● Problem statement
After finding the line with "completo da letto Thrive" in the data below, set down exactly each line through the one with "(25882) Mens 2026", inclusive, and stop there.
________
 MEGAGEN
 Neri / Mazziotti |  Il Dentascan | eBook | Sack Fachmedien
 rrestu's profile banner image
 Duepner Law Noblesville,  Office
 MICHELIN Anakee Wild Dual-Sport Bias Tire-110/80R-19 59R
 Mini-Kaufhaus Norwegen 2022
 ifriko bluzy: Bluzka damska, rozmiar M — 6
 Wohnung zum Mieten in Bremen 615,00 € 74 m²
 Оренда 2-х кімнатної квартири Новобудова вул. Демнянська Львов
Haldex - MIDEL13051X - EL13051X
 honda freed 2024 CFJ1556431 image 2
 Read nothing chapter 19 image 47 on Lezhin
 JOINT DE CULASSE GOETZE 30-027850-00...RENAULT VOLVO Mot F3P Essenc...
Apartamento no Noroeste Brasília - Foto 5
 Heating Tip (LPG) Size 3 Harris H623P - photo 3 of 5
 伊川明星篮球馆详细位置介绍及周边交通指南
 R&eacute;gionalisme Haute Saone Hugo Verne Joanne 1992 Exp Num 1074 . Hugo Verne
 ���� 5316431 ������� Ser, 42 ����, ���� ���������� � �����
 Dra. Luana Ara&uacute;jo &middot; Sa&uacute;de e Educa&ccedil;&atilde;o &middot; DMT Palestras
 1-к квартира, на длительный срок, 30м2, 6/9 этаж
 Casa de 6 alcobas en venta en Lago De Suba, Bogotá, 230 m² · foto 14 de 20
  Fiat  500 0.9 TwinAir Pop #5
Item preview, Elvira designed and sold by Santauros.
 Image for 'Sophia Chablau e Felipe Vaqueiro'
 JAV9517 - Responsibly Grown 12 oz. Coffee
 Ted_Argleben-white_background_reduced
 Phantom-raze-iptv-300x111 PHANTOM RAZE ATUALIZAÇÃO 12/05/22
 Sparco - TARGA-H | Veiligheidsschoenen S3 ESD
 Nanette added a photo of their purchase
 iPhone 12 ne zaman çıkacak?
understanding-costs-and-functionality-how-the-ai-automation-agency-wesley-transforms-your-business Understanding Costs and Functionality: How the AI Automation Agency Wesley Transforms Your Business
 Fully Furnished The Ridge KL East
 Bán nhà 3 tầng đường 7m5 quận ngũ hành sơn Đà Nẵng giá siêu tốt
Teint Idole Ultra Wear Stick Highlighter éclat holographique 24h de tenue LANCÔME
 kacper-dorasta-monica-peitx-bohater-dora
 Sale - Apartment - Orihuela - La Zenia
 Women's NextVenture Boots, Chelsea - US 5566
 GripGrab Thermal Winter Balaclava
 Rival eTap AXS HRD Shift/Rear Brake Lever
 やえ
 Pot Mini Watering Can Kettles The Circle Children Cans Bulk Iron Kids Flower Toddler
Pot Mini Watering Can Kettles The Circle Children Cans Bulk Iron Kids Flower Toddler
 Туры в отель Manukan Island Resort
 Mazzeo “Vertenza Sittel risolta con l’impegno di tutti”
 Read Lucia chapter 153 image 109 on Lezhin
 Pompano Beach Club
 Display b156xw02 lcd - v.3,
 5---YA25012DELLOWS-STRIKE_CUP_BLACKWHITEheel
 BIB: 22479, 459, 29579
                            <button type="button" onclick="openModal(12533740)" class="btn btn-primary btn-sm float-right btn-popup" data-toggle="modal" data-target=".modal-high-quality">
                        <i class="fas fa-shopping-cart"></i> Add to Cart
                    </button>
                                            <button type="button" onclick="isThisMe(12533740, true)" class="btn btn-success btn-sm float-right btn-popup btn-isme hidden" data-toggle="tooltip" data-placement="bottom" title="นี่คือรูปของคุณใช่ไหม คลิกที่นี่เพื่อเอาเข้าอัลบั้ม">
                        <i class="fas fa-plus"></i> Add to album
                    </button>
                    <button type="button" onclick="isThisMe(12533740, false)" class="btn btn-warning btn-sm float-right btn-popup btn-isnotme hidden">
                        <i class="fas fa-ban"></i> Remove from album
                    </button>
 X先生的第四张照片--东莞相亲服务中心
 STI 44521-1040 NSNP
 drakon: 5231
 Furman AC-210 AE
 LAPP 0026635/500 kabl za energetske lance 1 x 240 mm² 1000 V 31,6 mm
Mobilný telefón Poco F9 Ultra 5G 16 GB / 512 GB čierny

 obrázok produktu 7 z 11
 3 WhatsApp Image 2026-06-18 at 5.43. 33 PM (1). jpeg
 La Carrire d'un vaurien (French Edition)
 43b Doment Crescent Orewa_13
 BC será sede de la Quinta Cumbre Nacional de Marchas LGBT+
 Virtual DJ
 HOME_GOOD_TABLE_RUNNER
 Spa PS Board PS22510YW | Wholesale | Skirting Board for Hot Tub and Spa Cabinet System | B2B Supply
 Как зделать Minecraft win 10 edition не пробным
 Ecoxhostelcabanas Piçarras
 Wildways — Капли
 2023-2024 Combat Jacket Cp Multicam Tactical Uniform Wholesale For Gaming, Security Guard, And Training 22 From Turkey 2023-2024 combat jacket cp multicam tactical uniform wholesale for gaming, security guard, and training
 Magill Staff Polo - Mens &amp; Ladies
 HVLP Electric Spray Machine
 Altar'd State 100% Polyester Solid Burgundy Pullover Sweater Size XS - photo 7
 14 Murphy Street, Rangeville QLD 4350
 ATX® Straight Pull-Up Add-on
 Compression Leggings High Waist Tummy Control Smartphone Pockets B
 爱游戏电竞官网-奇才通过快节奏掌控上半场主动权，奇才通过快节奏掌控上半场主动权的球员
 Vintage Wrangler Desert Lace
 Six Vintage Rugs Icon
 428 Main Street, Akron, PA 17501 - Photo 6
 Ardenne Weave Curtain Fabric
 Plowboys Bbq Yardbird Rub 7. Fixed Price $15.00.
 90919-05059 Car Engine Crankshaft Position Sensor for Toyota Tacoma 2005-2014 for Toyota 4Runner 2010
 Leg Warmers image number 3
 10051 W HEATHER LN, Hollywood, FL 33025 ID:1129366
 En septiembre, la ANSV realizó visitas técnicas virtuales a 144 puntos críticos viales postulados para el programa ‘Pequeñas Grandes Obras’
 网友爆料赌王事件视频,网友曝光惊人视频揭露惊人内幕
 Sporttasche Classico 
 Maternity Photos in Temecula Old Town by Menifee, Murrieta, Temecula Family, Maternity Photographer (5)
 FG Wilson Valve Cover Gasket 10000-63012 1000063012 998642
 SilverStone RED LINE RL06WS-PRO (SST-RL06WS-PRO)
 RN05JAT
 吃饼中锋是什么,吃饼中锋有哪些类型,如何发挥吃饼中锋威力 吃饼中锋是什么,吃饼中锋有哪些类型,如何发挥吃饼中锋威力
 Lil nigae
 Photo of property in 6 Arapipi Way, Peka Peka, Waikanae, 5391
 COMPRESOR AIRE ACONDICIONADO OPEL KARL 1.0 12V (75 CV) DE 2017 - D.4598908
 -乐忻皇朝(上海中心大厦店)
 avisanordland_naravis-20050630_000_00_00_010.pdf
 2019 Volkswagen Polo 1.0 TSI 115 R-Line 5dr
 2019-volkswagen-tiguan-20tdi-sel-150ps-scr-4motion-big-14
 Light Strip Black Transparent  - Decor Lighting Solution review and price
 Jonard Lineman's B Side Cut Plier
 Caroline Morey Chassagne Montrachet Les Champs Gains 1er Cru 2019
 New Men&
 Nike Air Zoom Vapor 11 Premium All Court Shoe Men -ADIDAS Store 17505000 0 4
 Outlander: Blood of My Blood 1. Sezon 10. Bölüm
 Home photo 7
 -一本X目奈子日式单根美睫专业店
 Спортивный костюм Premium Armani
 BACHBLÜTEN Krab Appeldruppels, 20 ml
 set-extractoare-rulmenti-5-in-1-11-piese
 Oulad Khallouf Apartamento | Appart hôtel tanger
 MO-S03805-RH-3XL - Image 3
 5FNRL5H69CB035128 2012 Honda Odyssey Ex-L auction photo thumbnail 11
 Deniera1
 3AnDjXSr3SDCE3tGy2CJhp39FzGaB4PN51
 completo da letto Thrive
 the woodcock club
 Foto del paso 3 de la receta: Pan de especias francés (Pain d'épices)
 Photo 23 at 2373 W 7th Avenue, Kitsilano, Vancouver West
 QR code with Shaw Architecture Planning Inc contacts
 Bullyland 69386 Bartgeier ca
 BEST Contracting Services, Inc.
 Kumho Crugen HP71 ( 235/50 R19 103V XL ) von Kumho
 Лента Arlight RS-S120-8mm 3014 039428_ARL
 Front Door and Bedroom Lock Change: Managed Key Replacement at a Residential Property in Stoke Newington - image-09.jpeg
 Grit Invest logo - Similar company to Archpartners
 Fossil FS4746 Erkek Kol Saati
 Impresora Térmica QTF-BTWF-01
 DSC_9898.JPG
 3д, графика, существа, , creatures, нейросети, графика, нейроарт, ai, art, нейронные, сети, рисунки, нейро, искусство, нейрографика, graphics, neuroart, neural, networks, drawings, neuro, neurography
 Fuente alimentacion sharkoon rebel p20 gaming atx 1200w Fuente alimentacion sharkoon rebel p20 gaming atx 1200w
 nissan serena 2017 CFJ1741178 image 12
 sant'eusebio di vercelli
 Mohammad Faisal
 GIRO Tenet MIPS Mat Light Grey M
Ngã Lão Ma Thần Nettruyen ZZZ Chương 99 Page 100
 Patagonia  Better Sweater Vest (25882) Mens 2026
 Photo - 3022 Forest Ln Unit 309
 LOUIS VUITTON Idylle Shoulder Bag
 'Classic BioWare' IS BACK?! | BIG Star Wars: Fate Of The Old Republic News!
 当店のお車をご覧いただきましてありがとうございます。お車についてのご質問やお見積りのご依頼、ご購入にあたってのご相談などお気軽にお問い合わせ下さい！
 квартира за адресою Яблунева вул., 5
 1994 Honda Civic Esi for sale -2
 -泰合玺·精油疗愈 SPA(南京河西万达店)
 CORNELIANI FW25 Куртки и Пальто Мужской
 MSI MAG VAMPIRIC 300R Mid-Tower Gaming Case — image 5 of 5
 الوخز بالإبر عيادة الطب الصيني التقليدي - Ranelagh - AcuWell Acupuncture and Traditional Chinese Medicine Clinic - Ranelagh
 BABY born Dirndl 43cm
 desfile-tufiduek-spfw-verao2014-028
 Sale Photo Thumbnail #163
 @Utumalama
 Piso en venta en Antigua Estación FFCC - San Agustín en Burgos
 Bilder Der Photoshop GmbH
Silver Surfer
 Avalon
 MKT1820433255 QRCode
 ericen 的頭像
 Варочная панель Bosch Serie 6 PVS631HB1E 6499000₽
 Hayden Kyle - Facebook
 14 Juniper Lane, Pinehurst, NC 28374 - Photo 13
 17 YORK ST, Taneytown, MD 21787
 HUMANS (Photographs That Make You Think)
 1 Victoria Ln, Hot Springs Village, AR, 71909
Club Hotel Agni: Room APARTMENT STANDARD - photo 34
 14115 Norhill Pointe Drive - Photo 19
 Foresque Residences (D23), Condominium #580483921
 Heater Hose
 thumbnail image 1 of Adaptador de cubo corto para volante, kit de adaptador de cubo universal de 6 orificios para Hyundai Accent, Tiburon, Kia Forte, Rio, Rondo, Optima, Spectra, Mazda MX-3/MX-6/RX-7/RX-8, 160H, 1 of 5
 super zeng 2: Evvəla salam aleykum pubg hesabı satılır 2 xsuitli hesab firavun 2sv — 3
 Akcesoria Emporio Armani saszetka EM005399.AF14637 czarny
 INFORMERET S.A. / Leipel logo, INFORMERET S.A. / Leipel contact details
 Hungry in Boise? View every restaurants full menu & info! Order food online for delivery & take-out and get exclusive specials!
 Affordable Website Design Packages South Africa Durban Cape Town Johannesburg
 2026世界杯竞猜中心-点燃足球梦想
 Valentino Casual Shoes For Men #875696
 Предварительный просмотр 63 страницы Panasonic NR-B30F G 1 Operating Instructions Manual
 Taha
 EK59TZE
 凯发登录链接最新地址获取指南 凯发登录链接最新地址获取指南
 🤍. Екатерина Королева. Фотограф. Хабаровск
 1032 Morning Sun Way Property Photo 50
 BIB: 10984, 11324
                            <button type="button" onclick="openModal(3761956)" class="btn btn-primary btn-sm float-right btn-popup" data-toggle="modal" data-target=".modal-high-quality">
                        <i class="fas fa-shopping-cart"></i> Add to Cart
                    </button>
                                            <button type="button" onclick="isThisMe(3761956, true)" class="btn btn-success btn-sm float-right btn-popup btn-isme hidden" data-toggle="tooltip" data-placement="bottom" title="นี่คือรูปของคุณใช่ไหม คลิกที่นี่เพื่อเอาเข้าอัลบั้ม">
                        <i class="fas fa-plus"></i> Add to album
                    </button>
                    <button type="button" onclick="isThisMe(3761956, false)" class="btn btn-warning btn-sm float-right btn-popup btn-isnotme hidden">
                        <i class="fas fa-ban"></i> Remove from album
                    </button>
________
● Solution to this problem
 completo da letto Thrive
 the woodcock club
 Foto del paso 3 de la receta: Pan de especias francés (Pain d'épices)
 Photo 23 at 2373 W 7th Avenue, Kitsilano, Vancouver West
 QR code with Shaw Architecture Planning Inc contacts
 Bullyland 69386 Bartgeier ca
 BEST Contracting Services, Inc.
 Kumho Crugen HP71 ( 235/50 R19 103V XL ) von Kumho
 Лента Arlight RS-S120-8mm 3014 039428_ARL
 Front Door and Bedroom Lock Change: Managed Key Replacement at a Residential Property in Stoke Newington - image-09.jpeg
 Grit Invest logo - Similar company to Archpartners
 Fossil FS4746 Erkek Kol Saati
 Impresora Térmica QTF-BTWF-01
 DSC_9898.JPG
 3д, графика, существа, , creatures, нейросети, графика, нейроарт, ai, art, нейронные, сети, рисунки, нейро, искусство, нейрографика, graphics, neuroart, neural, networks, drawings, neuro, neurography
 Fuente alimentacion sharkoon rebel p20 gaming atx 1200w Fuente alimentacion sharkoon rebel p20 gaming atx 1200w
 nissan serena 2017 CFJ1741178 image 12
 sant'eusebio di vercelli
 Mohammad Faisal
 GIRO Tenet MIPS Mat Light Grey M
Ngã Lão Ma Thần Nettruyen ZZZ Chương 99 Page 100
 Patagonia  Better Sweater Vest (25882) Mens 2026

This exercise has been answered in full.